Hoyt College Adler House, 10 years Ago

There was a note pinned to Bernie's door, with the thumbtack driven all the way into the wood. It read:_ Mr. Weibrecht, a young woman named Rita has called these premises looking for you seven times in the past week. A young woman named Candie has also called, also in search of you. Please return the calls of both of these people, so that they cease to disturb the peace of the room. Please also assure this Candie that I do not, nor do I think I ever will, 'want to party,' whether you are absent or not; my avowal to this affect appears to have been ineffective. Your prompt response will be greatly appreciated_. The note was signed 'Crane.' Bernie had simply crumpled the note up and thrown it onto the huge stack of papers which littered one corner of the room. That incomplete from Freshman Lit had finally caught up with him, and he was desperate to finish the damn thing.

A few days later, in their communal kitchen, Crane's illegal hot plate and kettle in the corner, Crane had caught up with him too. Cold blue eyes met Bernie's as he stumbled out of his room. "You have not responded to either of your callers." The statement demanded a response.

"It's been a helluva week."

"'We make guilty of our disasters the sun, the moon, and the stars; as if we were villains by necessity, fools by heavenly compulsion.'" Crane quoted.
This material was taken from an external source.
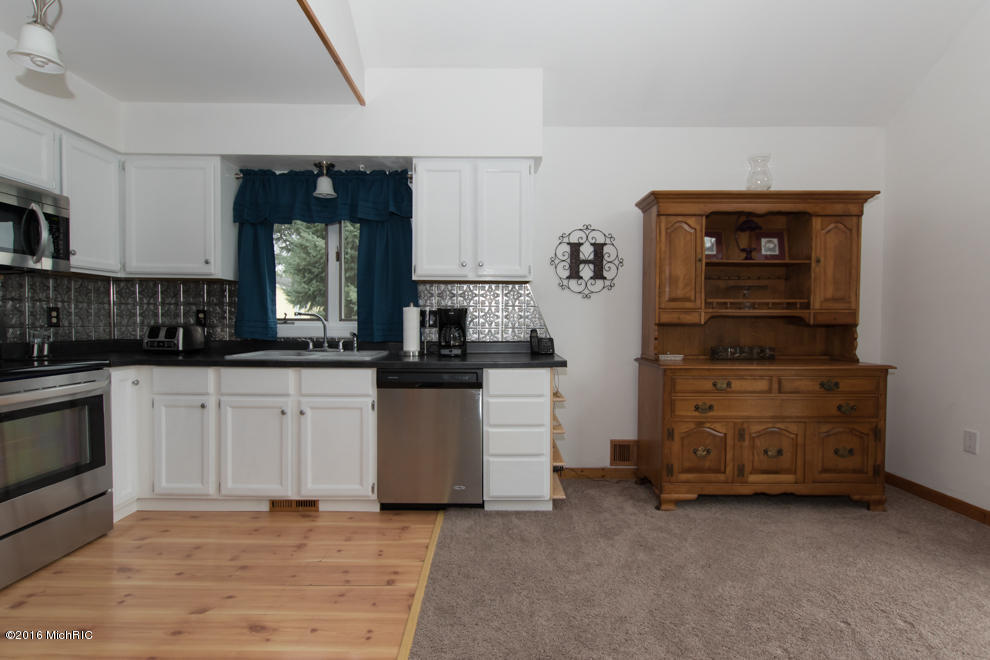 11520 Channel Dr, Plainwell, MI 49080 photo 8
His eyes, still emotionless, waited for Bernie's response.

"I've got this old paper to finish before they'll let me graduate."

"What's the topic?"

"Shakespeare." Bernie's tone was disgusted.

"I see." Crane paused. "I have a proposition. I will help you with this Shakespeare paper, and in return, you will-"
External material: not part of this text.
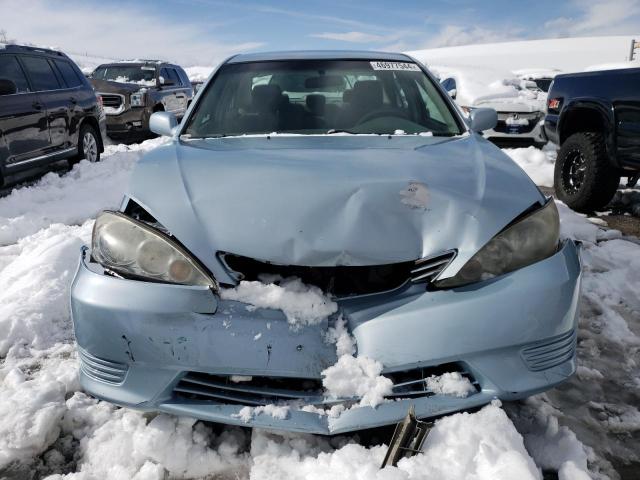 4T1BE32K95U976008 - 2005 TOYOTA CAMRY LE BLUE photo 5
"Pay you? Not likely." Bernie snorted.

Crane merely stared at him for a moment. "I was going to say, 'return your calls.'"

"You'd do that?"

"For peace and quiet."

And so Crane explained the vagaries of _The Winter's Tale_. After that, he had stood patiently by while he called Candie, to break it off and Rita to propose. Then he had disappeared back behind the locked door of his room, he and Bernie passed each other in the communal room and bathroom of their suite, but rarely spoke beyond pleasantries. Crane made no reference to his previous aid.

Remembering the story, Bernie stopped wavering with his hand poised over the telephone and picked it up. He dialed a Gotham City number, shuffling in his chair to the Muzak as he waited on hold. After about ten minutes, a surprisingly chipper voice chirped. "Arkham Assylum. How may I direct your call?"

A/N

So there it is, a Prologue. Thoughts, anyone?

Jonathan: I would never have helped that whiny little jerk.

Author: Not you. And who gave you permission to leave the root cellar?

Jonathan: I have a pass. Displays pass.

Author: Damn. I have to stop issuing those!

If anyone else has any thoughts, I'd be a happy camper. And there would be cookies, and even more cookies for anyone who picks on up the quote. (It's kinda a gimme, but you know.) Also I'm looking for a friendly Beta. Email me at if interested. That is all. Also I'm sorry to any Candies who may be reading. I just needed a name!


	2. The Proud Man's Contumely

Jungian Archetypes

Chapter 1: The Proud Man's Contumely

A/N Wow, another chapter started on the same night. This is a new adventure for me. Maybe I'll actually even update regularly. I know I'm breaking with comic book canon on some of this stuff, I'm off in my own little AU (just like in real life…). By the bye, this is not a slash fic as such (nor again is it an OFC pairing, despite the entrance of an OFC), sorry for any confusion the summary may be causing and I hope no one's too disappointed. I love reading slash, I just don't generally write it particularly well. Actually the characters, as is generally the case, seem to have their own ideas. Oh, and I borrowed the name Hoyt from a relatively obscure mystery novel called _The Serpent Under It._ The title of this chapter is, of course, from _Hamlet _the quote in the last one was Lear. (I loves me some Edmund!)It'sworth checking out. Anyway, hope you enjoy…

The intercom in Jonathan Crane's office buzzed. "Dr. Crane." The voice of Marie, his secretary, came scratchily through the intercom. "There's a Bernard Weibrecht on the phone for you."

He picked up his phone. The name rang a vague sort of bell, and besides, it would make a nice change from trying to draft his resignation letter.

"This is Jonathan Crane."

"Crane!" The voice on the other end was hearty. "This is Bernie. Bernie, from Hoyt, Bernie."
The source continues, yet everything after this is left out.